Wenn unsere Eltern nicht soundsoviele Juden vergast hätten, würde es den Staat Israel so nicht geben und dann könnten die Palästinenser jetzt bei uns in den Bussen sitzen und nicht umgekehrt. Will sagen, ich finde es in gewisser Weise fair, dass unsere Gesellschaft einbezogen wird in den Krieg, den es sowieso gibt. Für sich ist dieser Krieg total zu sehen: Dass wir die Ressourcen dieser Welt verschleudern, seit vielen Jahrzehnten, und die Frage ist immer, auf welcher Seite stehen wir. Also für mich ist das keine überraschende Sache, dass das jetzt passiert.
Doch der Mühe einer Definition von Krieg oder zumindest des zu verhandelnden Themas unterzog man sich lieber nicht. Jeder der sechs Befragten bekam hier seine eigene Bühne: Wolfgang Schäuble erzählte zu Beginn von der Bombendrohung im Hotel Adlon und wie nahe die Bedrohung einem Berliner Politiker tatsächlich rücken kann. Gregor Gysi sprach von palästinensischen Kindern, die Frieden langweilig finden und pflegte seinen am DDR-Theater geschulten Begriff, Theater müsse gesellschaftliche Defizite sichtbar machen, heute etwa die der Globalisierung:
Eine Welt, die so zusammenrückt, kann doch nicht im Ernst glauben, dass Milliarden in Armut weiter leben und ein kleiner Teil in Reichtum schwelgt und die anderen machen nichts dagegen.

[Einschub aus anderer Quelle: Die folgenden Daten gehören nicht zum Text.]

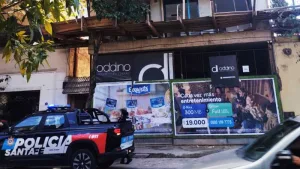 Edificio donde cayo un operario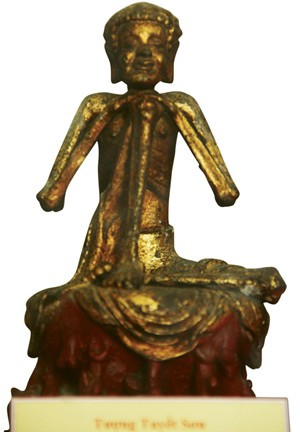 Qua cuộc triển lãm này, công chúng còn được biết một địa chỉ đang lưu giữ nhiều cổ vật Phật giáo có tính hệ thống là chùa Phổ Đà tại đường Phan Chu Trinh, Đà Nẵng. Đây là nơi tu hành của thượng tọa Thích Từ Nghiêm, ông đồng thời là một nhà sưu tầm các cổ vật Phật giáo có tiếng ở miền Trung với khoảng 200 pho tượng Phật và các đồ thờ cúng có niên đại nhiều trăm năm. Và một phần lớn số hiện vật trưng bày tại triển lãm lần này là từ bộ sưu tập của Thượng tọa Thích Từ Nghiêm.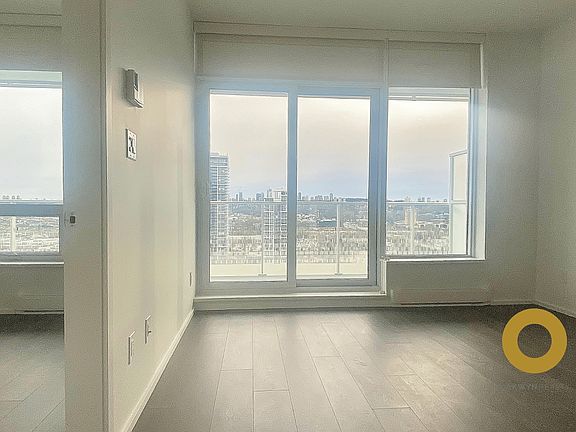 4th image of 4650 Brentwood Dr #11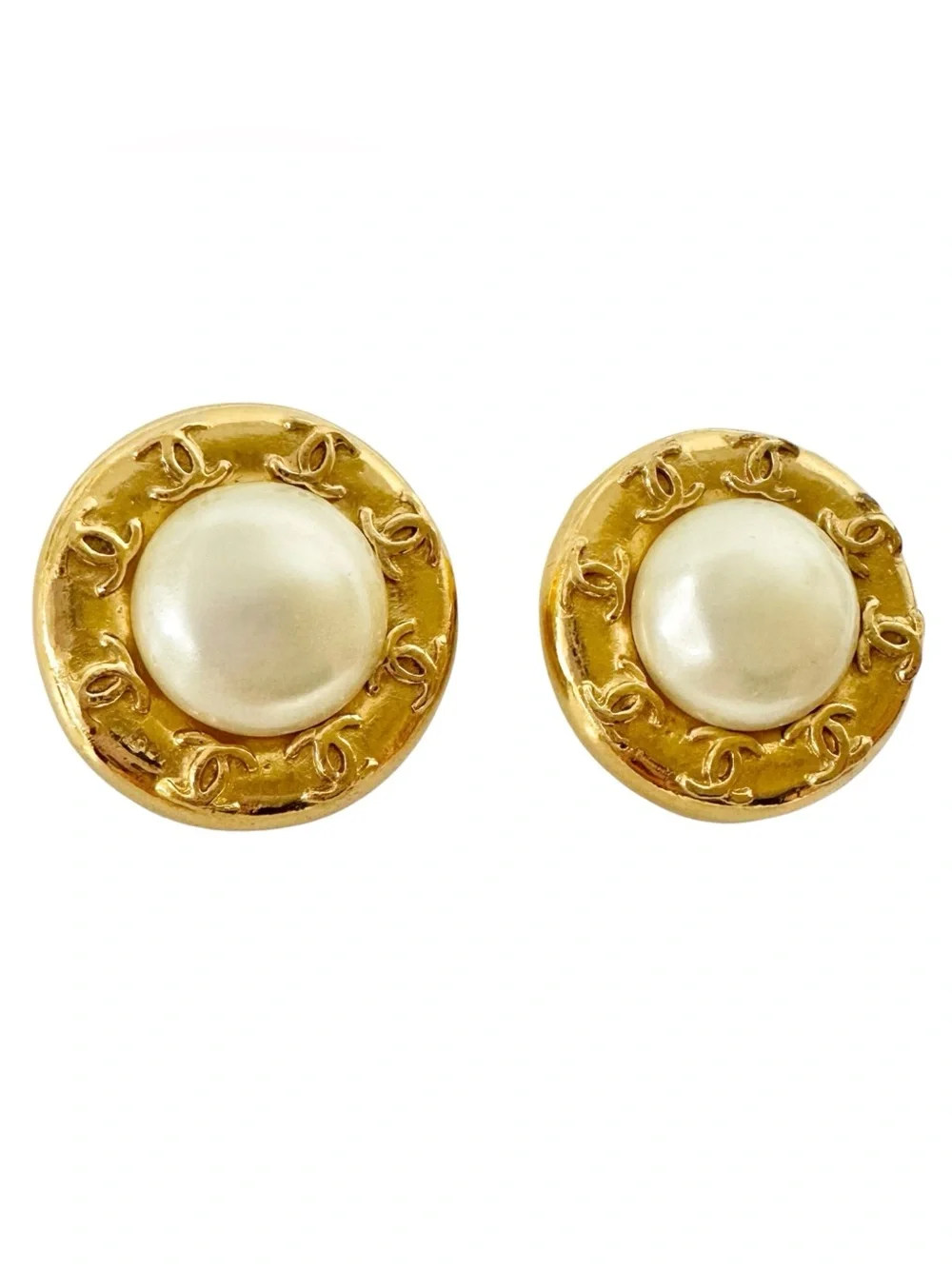 CHANEL Round Faux Pearl Gold Plated Coco Mark CC Logo Vintage Clip On Earrings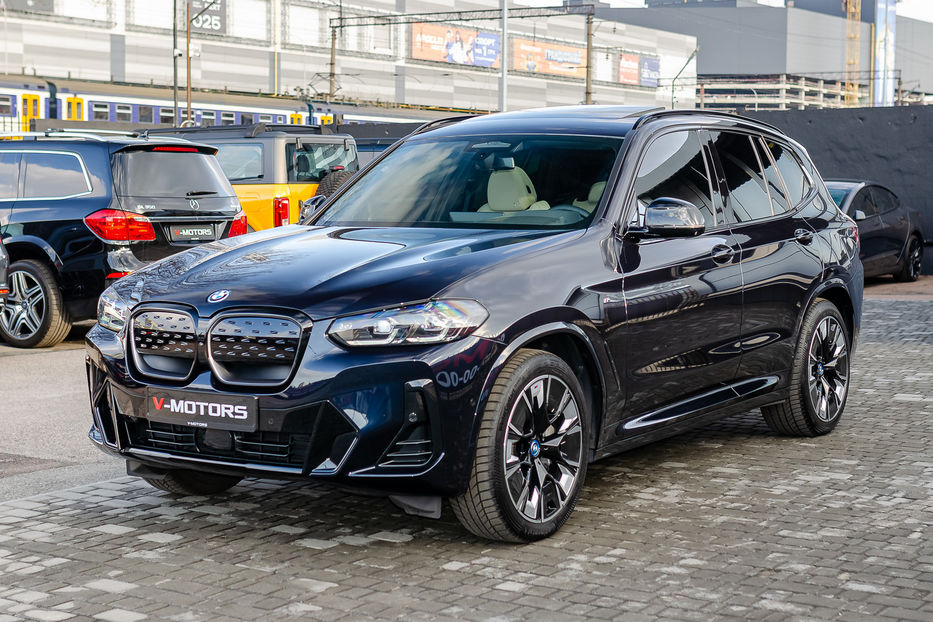 Продам BMW iX3 2022 года в Киеве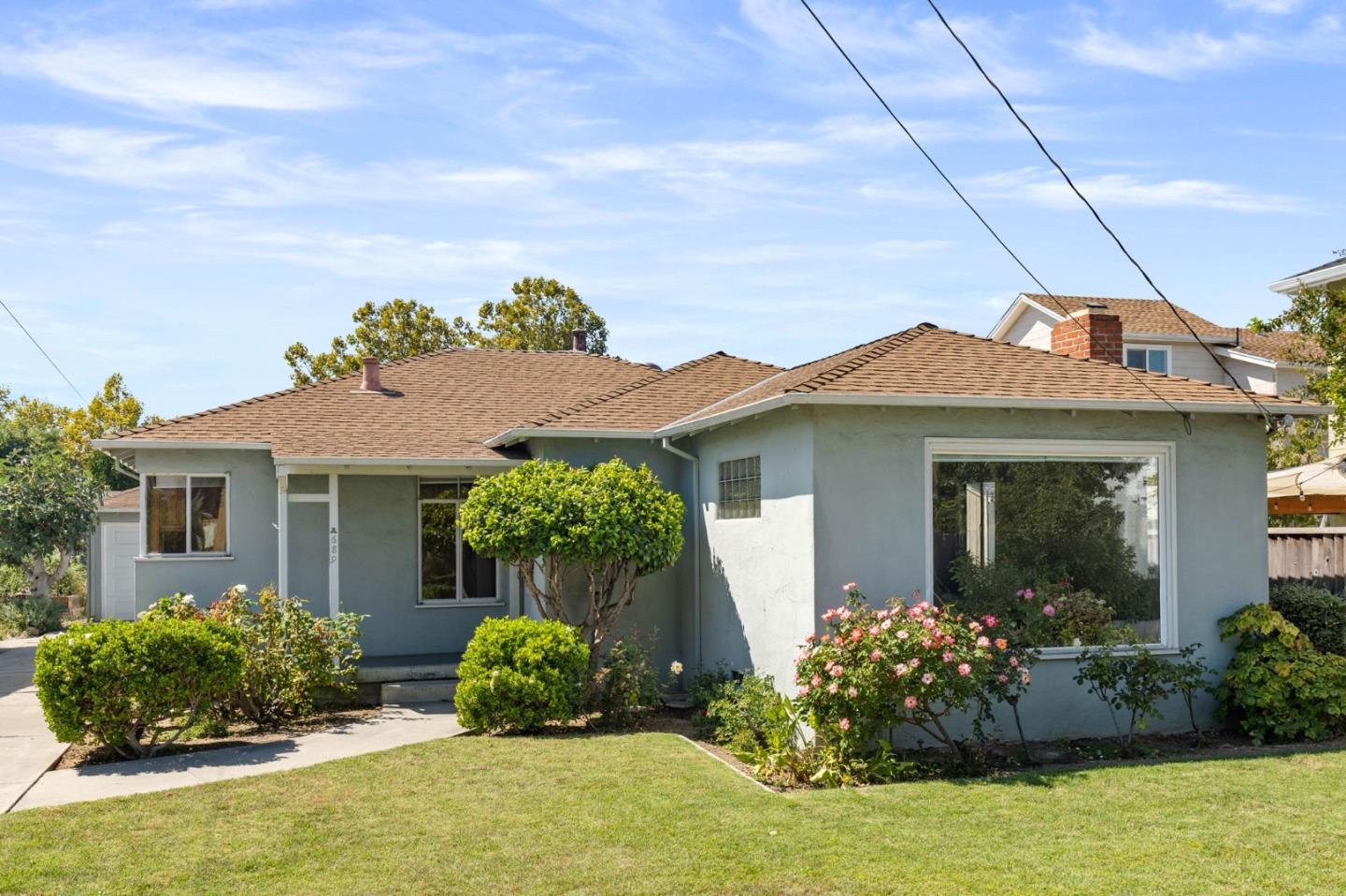 Detail Gallery Image 2 of 28 For 689 N 16th St, San Jose,  CA 95112 - 3 Beds | 2/1 Baths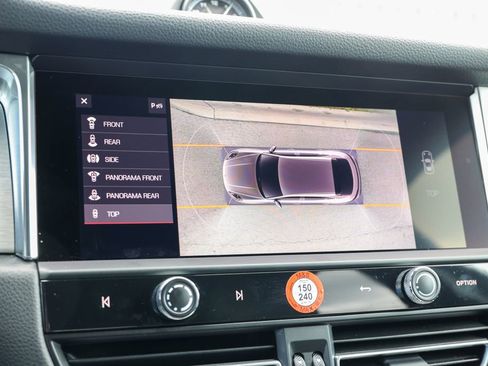 Certified 2026 Porsche Macan AWD/4WD image 38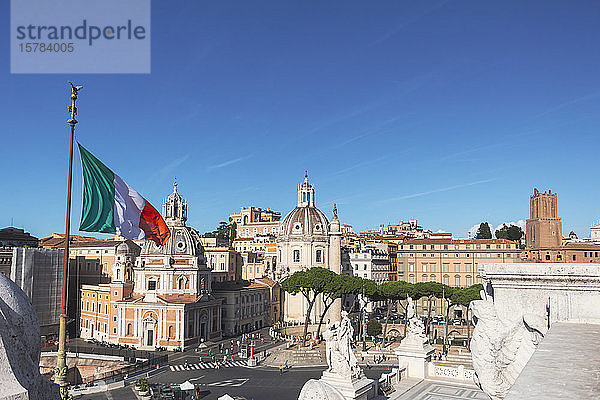 Italien  Rom  klarer blauer Himmel über der italienischen Flagge und der Piazza Venezia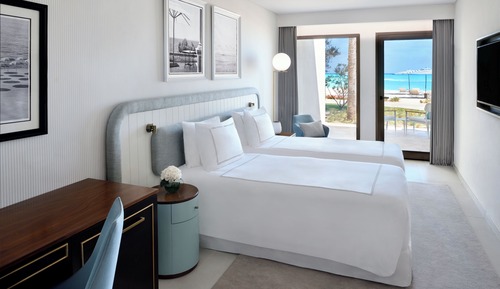 Deluxe Room Beach Access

Wenn das wahr ist, dann könnte mir das Theater dieses Zusammenrücken doch wirklich zeigen. Und mich darauf stoßen, dass ich das nicht so belassen kann, wie es ist, wenn ich Kriege und was immer zurückdrängen will.
Cornelie Sonntag-Wolgast, Vorsitzende des Bundestags-Innenausschusses, tat zwar so, als wolle sie Armin Petras das Feld der Provokation nicht allein überlassen, hatte letztendlich aber nur mütterlich wirkende Ratschläge und Kultur-Rezepte der allgemeineren Art mitgebracht:
Ich glaube, das Spannende am Theater ist: vorzufühlen, mit größerer Antenne als andere das machen, oder dahinter zu gucken.

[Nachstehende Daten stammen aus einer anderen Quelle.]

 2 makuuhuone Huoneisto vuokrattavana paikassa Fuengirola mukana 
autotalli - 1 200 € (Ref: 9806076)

Alain Platel wurde ausführlich zur belgischen Debatte über seinen choreografisch-musikalischen Abenteuerspielplatz "Wolf" befragt, der nächste Woche auf dem Theater-Treffen zu sehen sein wird, obwohl diese Debatte sich an fünf Sekunden von zweieinhalb Stunden aufhängte und größtenteils von Leuten geführt wurde, die das Stück nie gesehen hatten; es ging um das Verbrennen einer amerikanischen und einer israelischen Flagge. Einzig Regisseur Johan Simons sprach vom WIE. Mit seiner Münchner Inszenierung des Heiner Müller-Stücks "Titus Andronicus. Fall of Rome. Ein Shakespearekommentar" hat er den ebenso unblutigen wie eindringlichen Auftakt des Theatertreffens geliefert; er findet, dass den Gewaltexzessen im Fernsehen nicht noch Schlachtereien auf dem Theater folgen müssen. Und plädiert für Menschenfreundlichkeit, etwa mit seinem neuen "Richard III.", den er aus der Perspektive der Mutter erzählt:
Am Ende sitzt Richard III. mit einer Bombe auf der Bühne, als Selbstmordattentäter. Und seine Mutter sitzt daneben und sagt Nein, Nein. Das ist ein Bild der Unmenschlichkeit und eins der Menschlichkeit, und ich wollte die Menschlichkeit zeigen.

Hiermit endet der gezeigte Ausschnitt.